● EXERCISE INSTRUCTIONS: Your output should be the lines of the entries below, exactly, from the first one through the line that holds "Open Design OR80872".
[EXERCISE INPUTS — start]
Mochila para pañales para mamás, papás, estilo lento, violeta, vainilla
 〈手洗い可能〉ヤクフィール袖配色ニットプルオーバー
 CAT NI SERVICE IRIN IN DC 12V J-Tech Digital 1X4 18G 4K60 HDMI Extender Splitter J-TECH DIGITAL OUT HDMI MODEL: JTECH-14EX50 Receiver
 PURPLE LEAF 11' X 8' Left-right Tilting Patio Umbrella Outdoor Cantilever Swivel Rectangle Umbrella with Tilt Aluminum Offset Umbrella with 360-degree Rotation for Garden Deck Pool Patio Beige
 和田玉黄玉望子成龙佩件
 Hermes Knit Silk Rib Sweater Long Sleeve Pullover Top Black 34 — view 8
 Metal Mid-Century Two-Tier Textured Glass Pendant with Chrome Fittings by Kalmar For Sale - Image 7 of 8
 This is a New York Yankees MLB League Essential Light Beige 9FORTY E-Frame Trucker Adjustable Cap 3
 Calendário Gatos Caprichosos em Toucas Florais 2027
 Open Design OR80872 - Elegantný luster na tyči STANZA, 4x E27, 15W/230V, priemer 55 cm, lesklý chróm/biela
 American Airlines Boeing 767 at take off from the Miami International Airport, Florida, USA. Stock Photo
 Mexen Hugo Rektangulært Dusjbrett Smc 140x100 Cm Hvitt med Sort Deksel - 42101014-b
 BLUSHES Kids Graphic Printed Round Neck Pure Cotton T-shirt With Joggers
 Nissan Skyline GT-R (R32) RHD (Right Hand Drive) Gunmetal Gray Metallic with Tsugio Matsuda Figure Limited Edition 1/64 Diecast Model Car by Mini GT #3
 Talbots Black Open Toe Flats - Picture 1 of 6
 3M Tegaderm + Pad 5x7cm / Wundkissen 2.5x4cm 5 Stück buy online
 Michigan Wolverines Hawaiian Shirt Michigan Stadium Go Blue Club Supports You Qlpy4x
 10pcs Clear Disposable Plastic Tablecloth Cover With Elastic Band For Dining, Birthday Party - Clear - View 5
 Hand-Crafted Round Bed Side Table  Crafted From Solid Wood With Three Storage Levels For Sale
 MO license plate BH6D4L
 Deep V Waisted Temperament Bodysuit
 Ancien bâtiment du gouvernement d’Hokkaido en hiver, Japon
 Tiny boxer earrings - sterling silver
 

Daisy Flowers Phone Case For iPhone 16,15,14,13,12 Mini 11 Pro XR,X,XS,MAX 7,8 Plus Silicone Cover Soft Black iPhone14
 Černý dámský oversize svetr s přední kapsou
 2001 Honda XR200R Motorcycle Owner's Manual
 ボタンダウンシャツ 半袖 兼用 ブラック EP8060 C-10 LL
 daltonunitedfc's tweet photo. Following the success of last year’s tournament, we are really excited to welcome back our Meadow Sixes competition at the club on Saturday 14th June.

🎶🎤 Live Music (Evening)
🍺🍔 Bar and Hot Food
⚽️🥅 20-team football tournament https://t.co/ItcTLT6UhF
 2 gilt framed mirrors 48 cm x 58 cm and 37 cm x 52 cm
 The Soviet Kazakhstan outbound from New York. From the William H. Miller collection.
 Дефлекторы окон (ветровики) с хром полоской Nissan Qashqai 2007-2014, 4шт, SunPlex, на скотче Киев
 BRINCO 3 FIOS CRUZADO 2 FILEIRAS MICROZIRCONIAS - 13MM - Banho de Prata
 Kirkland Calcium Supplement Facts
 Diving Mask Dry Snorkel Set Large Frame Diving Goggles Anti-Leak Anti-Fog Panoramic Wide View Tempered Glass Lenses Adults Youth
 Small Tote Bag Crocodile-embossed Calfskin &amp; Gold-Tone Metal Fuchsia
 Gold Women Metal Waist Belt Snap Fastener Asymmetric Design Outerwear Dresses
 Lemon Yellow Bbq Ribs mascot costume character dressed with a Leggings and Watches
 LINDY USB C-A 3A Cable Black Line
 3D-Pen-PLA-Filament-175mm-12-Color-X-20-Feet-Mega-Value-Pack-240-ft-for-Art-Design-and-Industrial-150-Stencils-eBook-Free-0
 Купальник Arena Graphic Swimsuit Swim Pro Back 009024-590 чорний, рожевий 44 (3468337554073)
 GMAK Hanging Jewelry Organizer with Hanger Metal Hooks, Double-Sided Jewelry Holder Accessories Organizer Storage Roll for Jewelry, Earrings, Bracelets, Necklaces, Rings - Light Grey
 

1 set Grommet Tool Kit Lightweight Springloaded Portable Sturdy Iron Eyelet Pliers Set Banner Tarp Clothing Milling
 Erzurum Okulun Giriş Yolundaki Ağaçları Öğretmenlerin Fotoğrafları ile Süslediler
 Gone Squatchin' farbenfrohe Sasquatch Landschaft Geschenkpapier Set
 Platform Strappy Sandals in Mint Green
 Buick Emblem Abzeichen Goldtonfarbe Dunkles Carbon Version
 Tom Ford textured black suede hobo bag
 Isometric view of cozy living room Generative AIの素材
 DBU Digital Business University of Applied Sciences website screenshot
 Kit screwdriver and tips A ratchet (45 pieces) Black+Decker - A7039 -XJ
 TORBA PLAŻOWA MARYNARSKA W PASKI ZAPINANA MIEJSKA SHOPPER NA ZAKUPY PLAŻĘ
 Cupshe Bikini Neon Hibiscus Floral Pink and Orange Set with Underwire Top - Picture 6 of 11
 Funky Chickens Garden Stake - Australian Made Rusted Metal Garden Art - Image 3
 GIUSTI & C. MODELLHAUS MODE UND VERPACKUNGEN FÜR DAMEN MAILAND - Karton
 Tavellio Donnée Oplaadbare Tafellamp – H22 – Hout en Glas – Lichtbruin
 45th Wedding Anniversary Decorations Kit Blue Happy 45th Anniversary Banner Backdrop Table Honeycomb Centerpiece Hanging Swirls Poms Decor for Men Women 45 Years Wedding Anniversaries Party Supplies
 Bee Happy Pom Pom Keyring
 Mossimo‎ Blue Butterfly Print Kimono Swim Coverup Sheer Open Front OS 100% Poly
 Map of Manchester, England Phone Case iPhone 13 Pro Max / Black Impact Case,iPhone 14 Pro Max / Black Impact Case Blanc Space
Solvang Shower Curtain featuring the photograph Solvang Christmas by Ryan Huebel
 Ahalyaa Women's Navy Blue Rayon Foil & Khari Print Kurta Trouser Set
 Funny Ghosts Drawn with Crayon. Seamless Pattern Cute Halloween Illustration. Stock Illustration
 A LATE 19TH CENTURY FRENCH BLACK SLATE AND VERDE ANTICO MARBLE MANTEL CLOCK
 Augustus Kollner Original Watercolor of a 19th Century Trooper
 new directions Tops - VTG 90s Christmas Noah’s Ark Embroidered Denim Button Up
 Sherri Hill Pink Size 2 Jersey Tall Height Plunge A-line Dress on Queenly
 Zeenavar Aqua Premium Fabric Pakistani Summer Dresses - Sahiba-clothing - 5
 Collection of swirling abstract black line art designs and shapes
[EXERCISE INPUTS — finish]
● ANSWER AREA:
Mochila para pañales para mamás, papás, estilo lento, violeta, vainilla
 〈手洗い可能〉ヤクフィール袖配色ニットプルオーバー
 CAT NI SERVICE IRIN IN DC 12V J-Tech Digital 1X4 18G 4K60 HDMI Extender Splitter J-TECH DIGITAL OUT HDMI MODEL: JTECH-14EX50 Receiver
 PURPLE LEAF 11' X 8' Left-right Tilting Patio Umbrella Outdoor Cantilever Swivel Rectangle Umbrella with Tilt Aluminum Offset Umbrella with 360-degree Rotation for Garden Deck Pool Patio Beige
 和田玉黄玉望子成龙佩件
 Hermes Knit Silk Rib Sweater Long Sleeve Pullover Top Black 34 — view 8
 Metal Mid-Century Two-Tier Textured Glass Pendant with Chrome Fittings by Kalmar For Sale - Image 7 of 8
 This is a New York Yankees MLB League Essential Light Beige 9FORTY E-Frame Trucker Adjustable Cap 3
 Calendário Gatos Caprichosos em Toucas Florais 2027
 Open Design OR80872 - Elegantný luster na tyči STANZA, 4x E27, 15W/230V, priemer 55 cm, lesklý chróm/biela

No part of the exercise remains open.